** Opening Material supplied block **

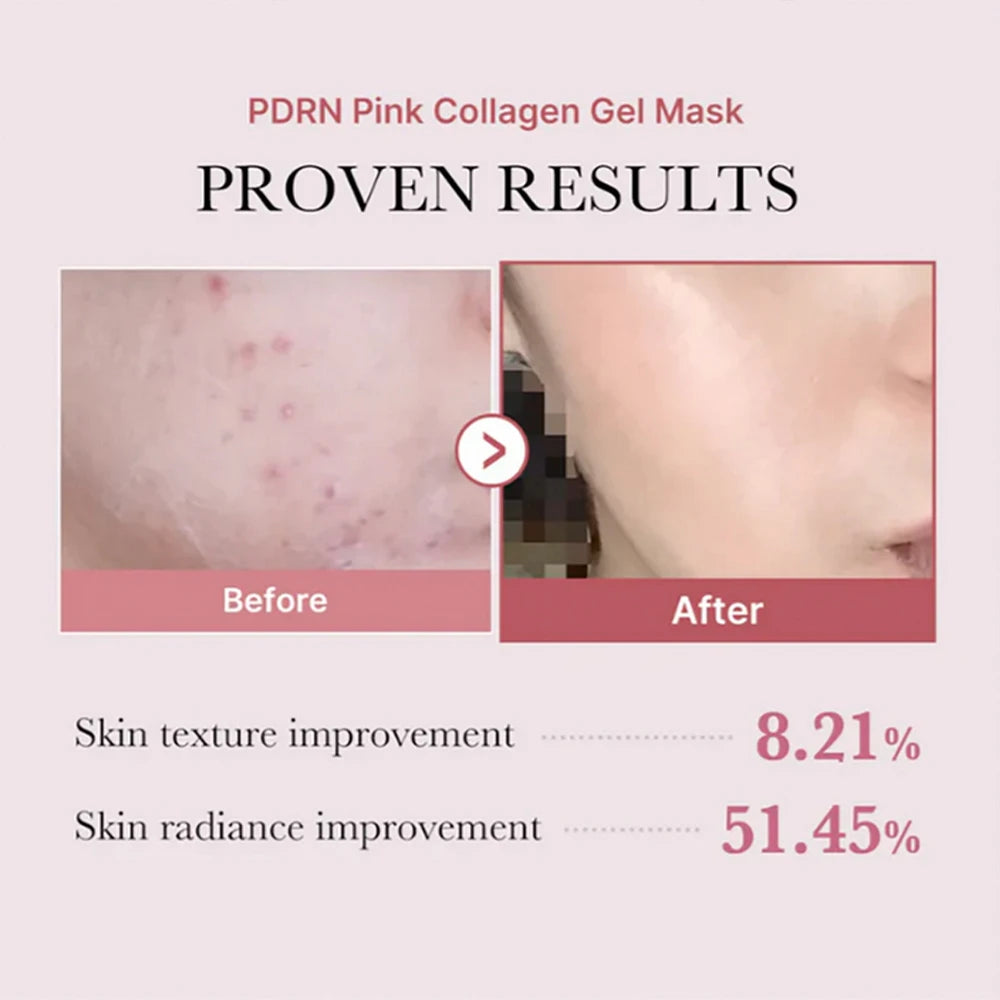 medicube PDRN Pink Collagen Gel Mask Sheet 1 kpl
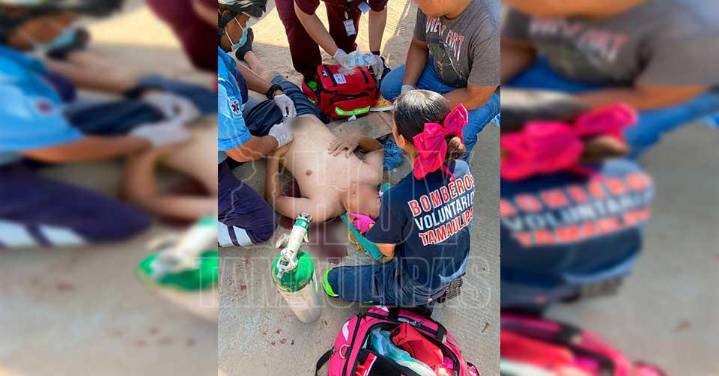 Motociclista resultó gravemente herido al impactarse con auto en Altamira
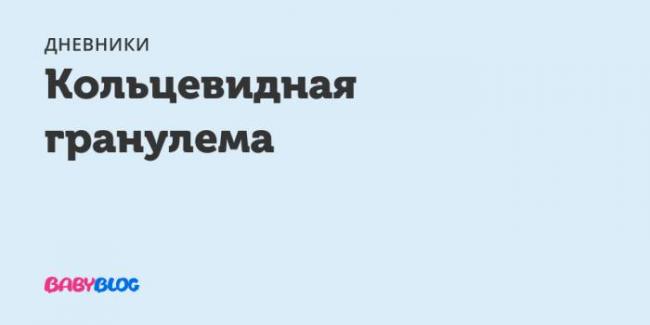 Симптомы и лечение кольцевидной гранулёмы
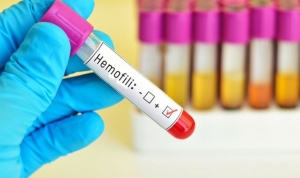 hemofili-nedir-hemofili-belirtileri-neler-YRKCR6dU.jpg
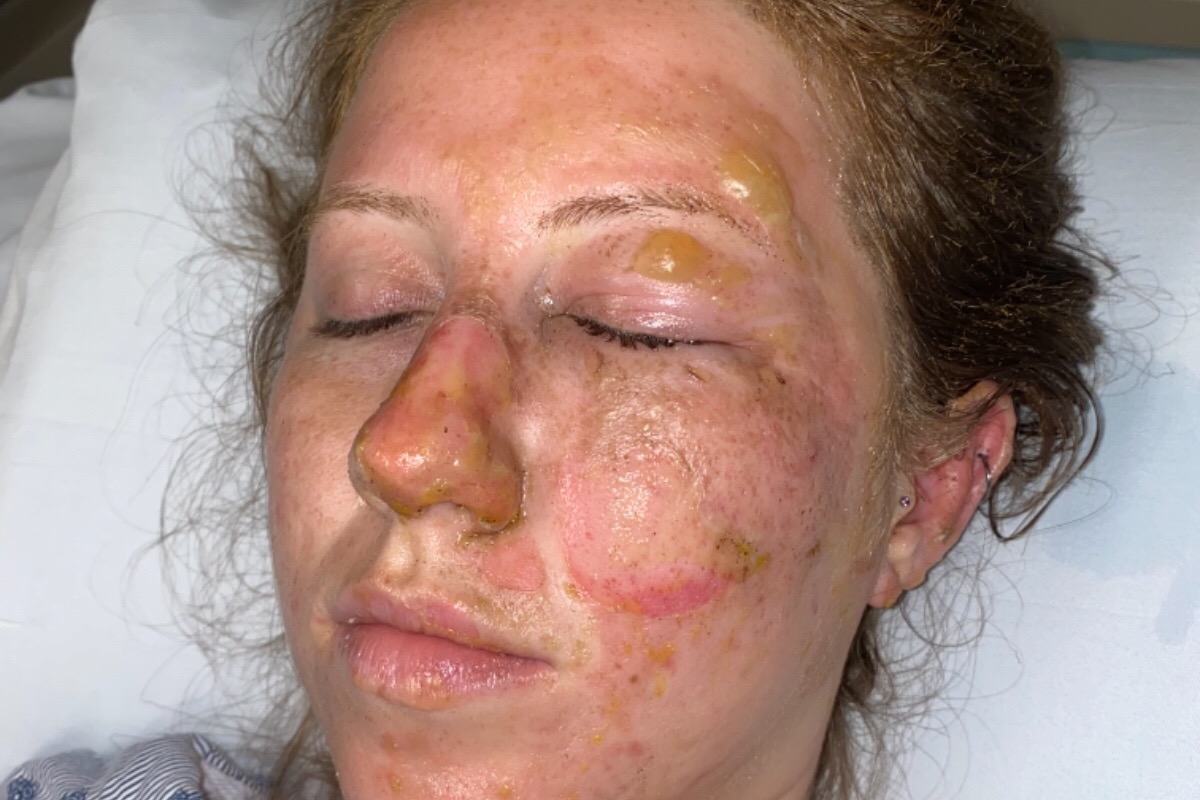 Turista termina con quemaduras en la cara durante visita a un bar de Cancún 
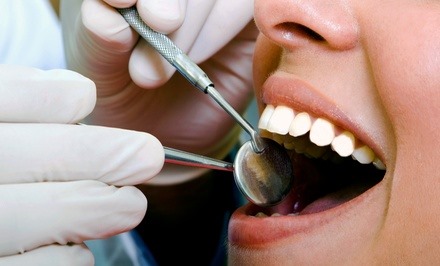Tooth removal services
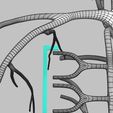 wfsub-0015.jpg Human venous system schematic 3D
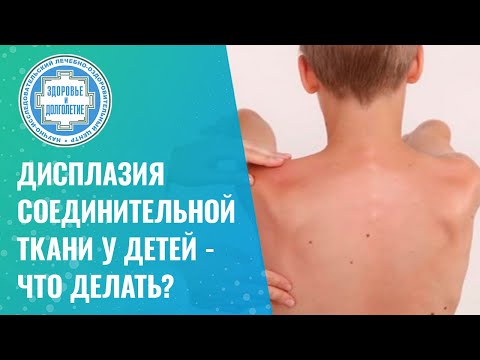 Видео: 🤷‍♀️  Дисплазия соединительной ткани у детей - что делать?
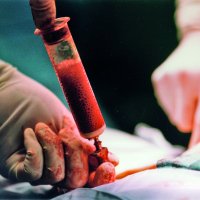 Hlavní obrázek - Studie MESEMS: u transplantace kmenových buněk při RS se zatím prokázala jen bezpečnost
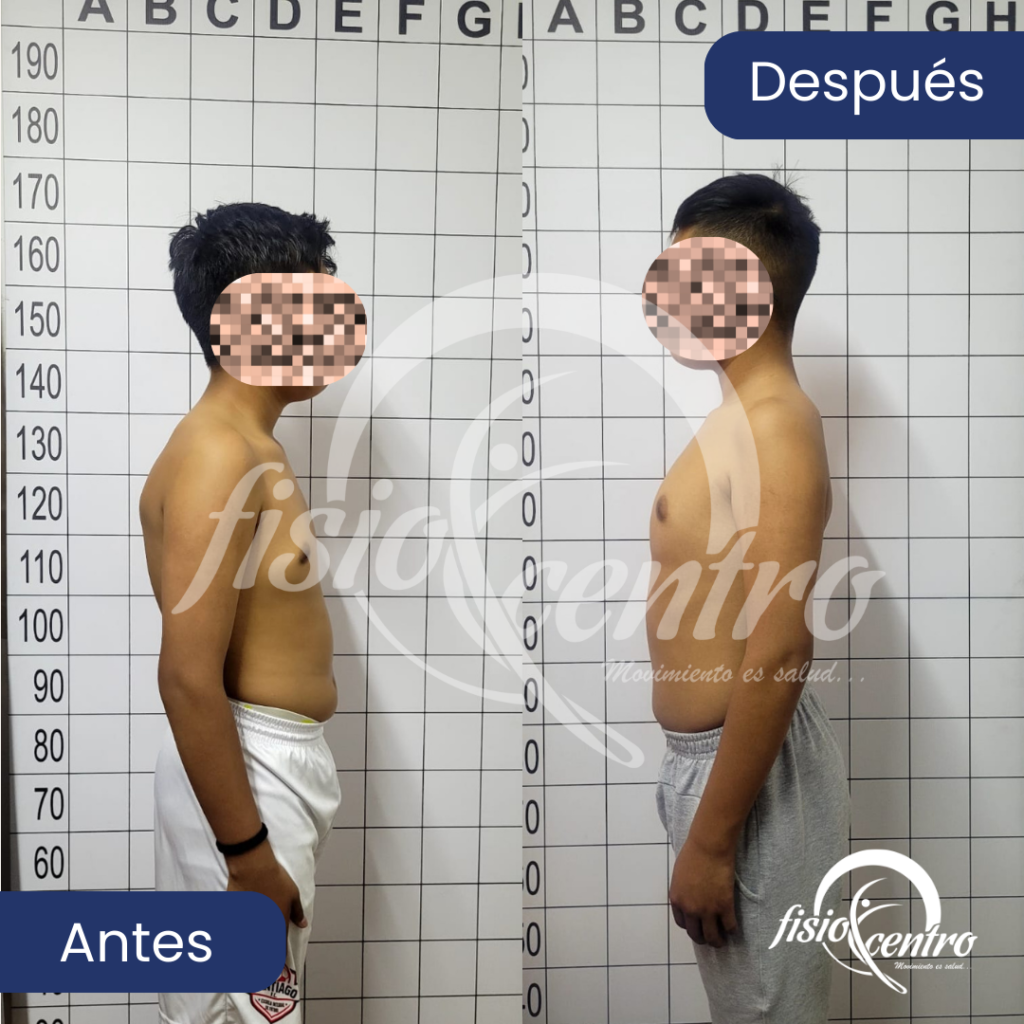 Corrección postural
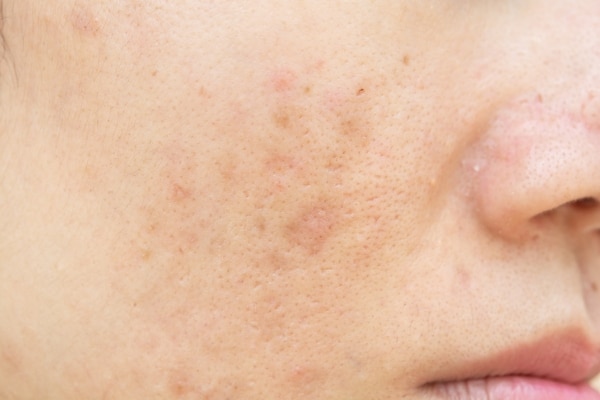 black-spot-battle black-spot-battle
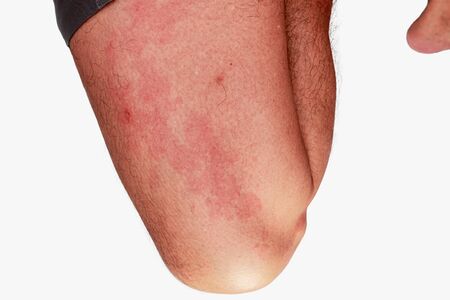 Leg area of men with dermatitis  of rash, allergy rash and Health problem on whiteの写真素材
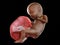 A black fetus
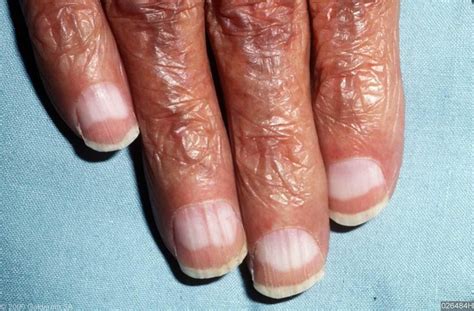 What do liver failure nails look like?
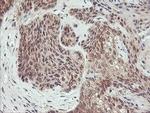 AGPAT5 Antibody in Immunohistochemistry (Paraffin) (IHC (P))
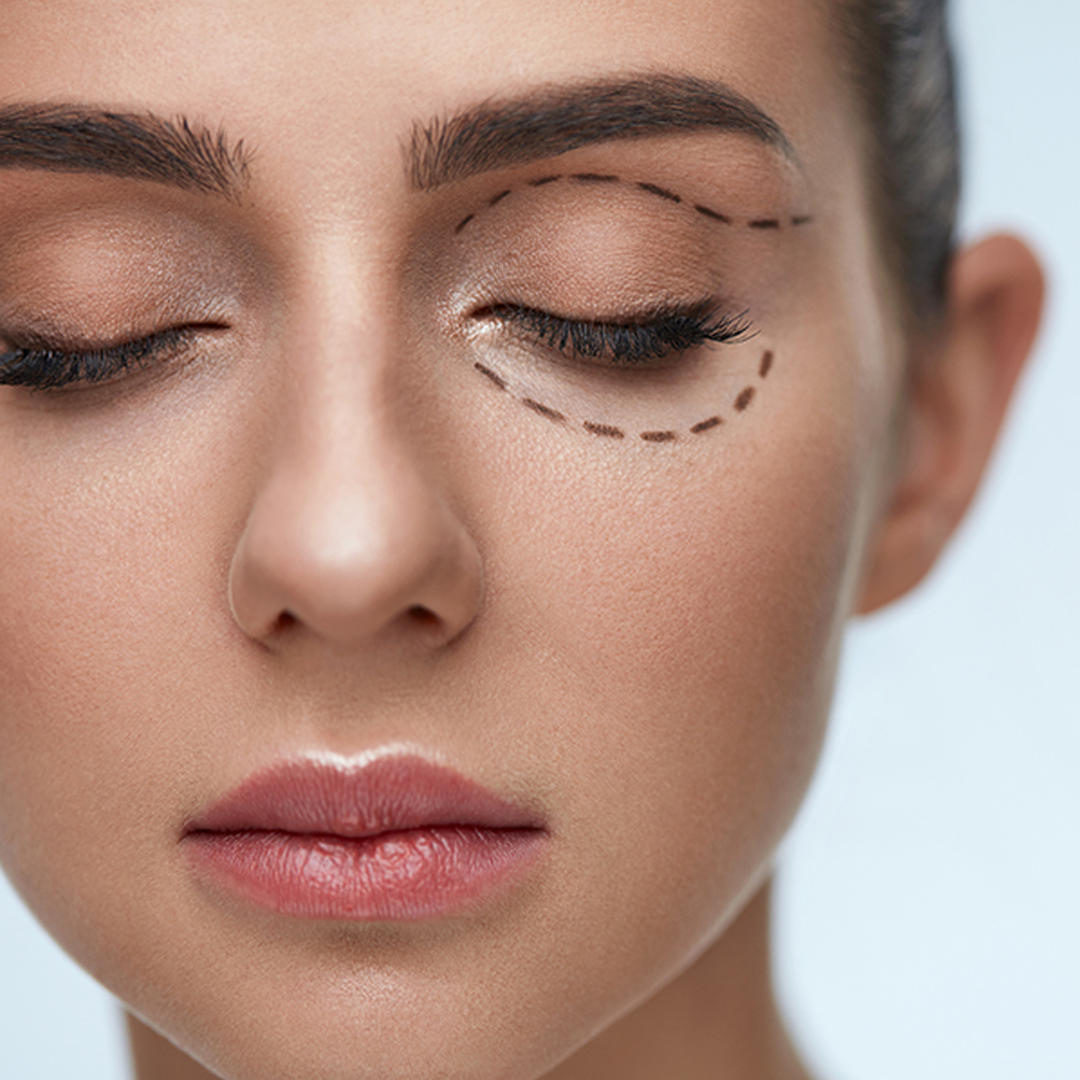 Eyelid Aesthetic 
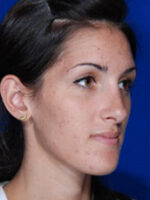 Rhinoplasty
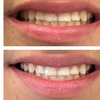 Image 2: Get a Brighter Smile with Phillips Zoom Whitening! Teeth Whitening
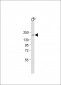 Tuberin (TSC2) Antibody (S1798)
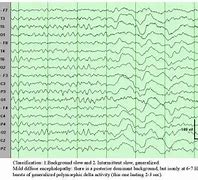 Image result for Toxic Encephalopathy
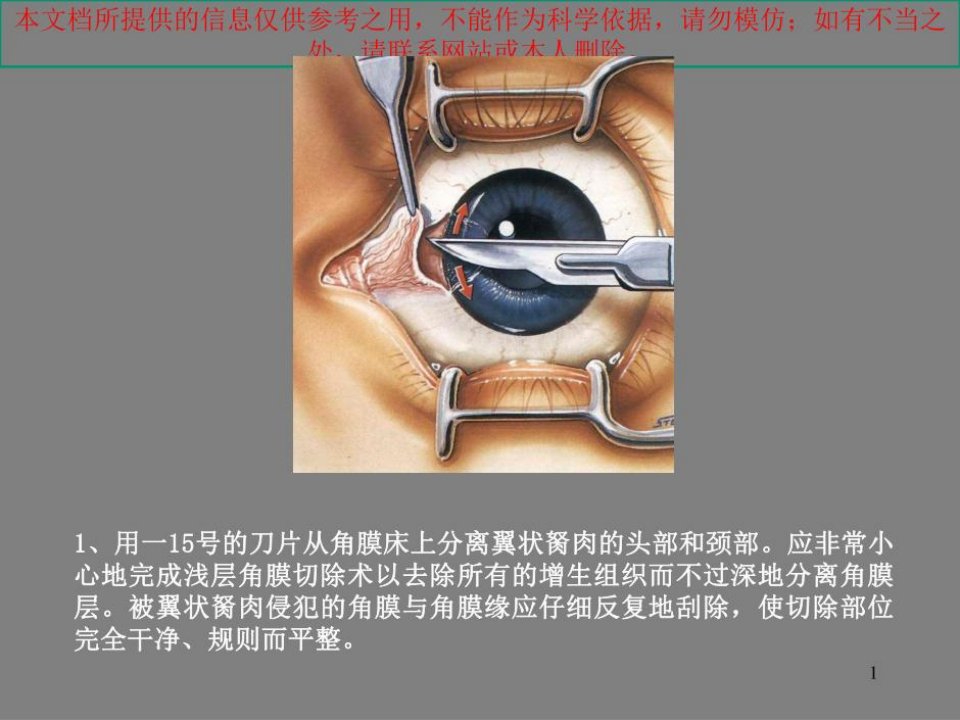 翼状胬肉的手术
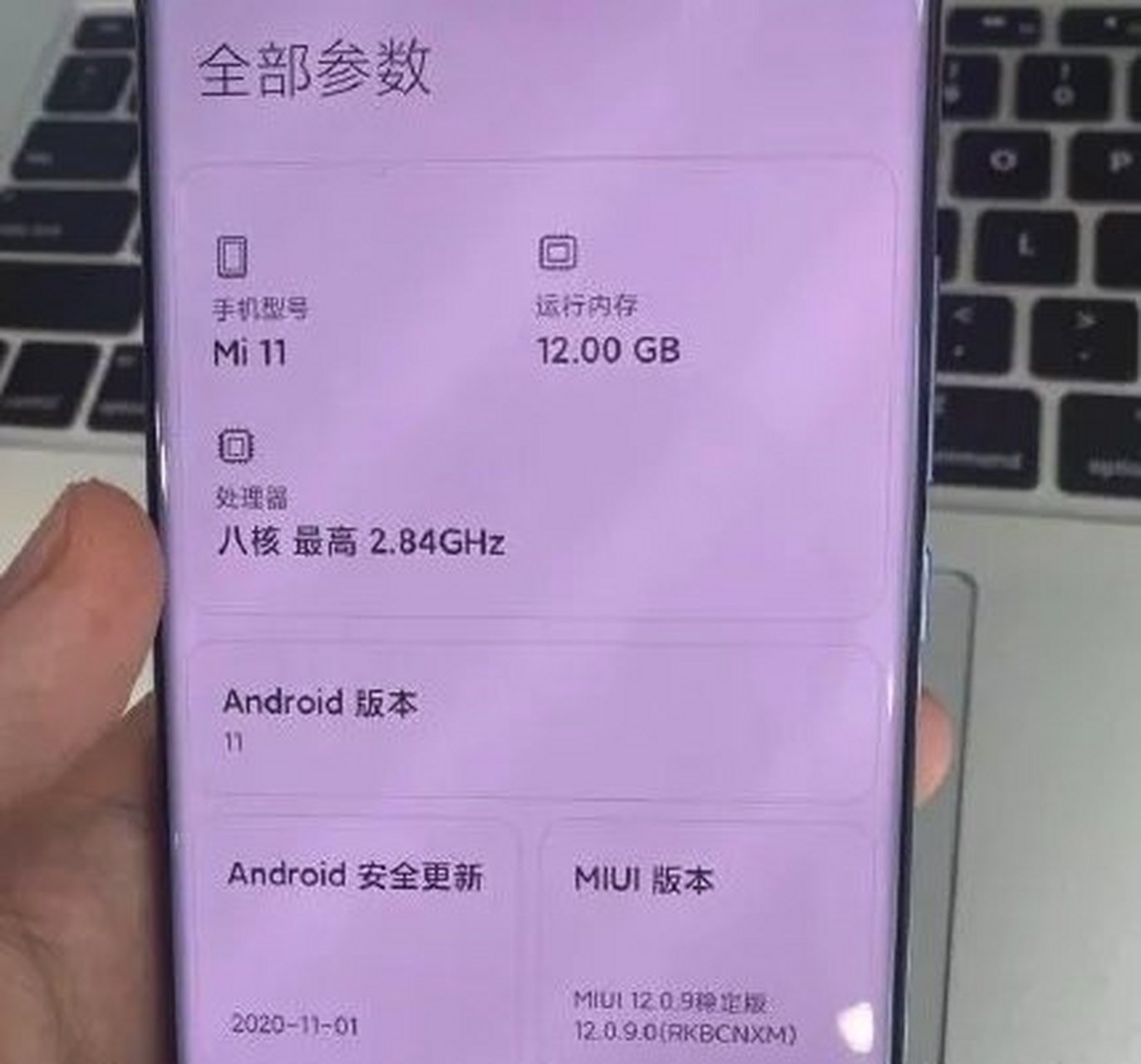 小米11素皮版现身,大家觉得怎么样,高级感有没有[太开心]  此次的小米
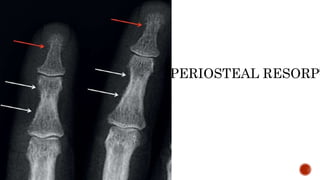 SUBPERIOSTEAL RESORPT
 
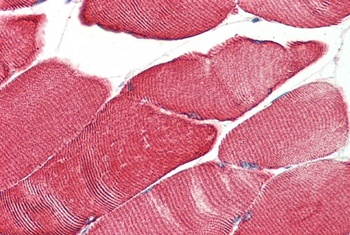 DES Antibody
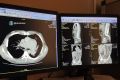 Свердловский хоккеист чуть не погиб после перелёта на самолёте из-за тромба в лёгких
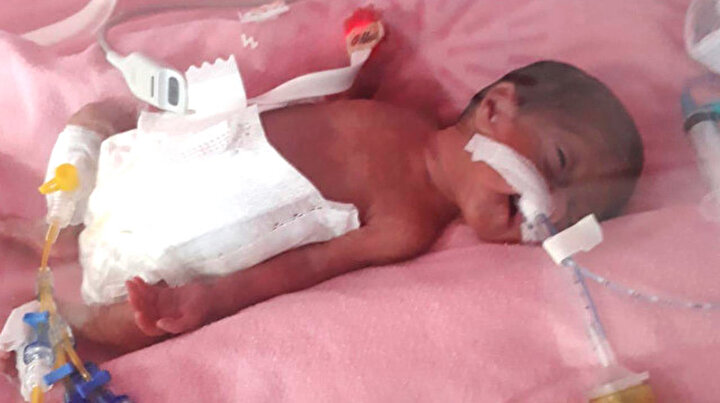 700 Gramken Kalp Ameliyati Olan Bebek Kurtuldu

** Closing Material supplied block **

> **Required action**: Set down again, exactly, every line above from the one with "Rhinoplasty" down to the one with "DES Antibody", both ends included. No pictures, and nothing else.

> **Response to the task**:
 Rhinoplasty
 Image 2: Get a Brighter Smile with Phillips Zoom Whitening! Teeth Whitening
 Tuberin (TSC2) Antibody (S1798)
 Image result for Toxic Encephalopathy
 翼状胬肉的手术
 小米11素皮版现身,大家觉得怎么样,高级感有没有[太开心]  此次的小米
 SUBPERIOSTEAL RESORPT
 
 DES Antibody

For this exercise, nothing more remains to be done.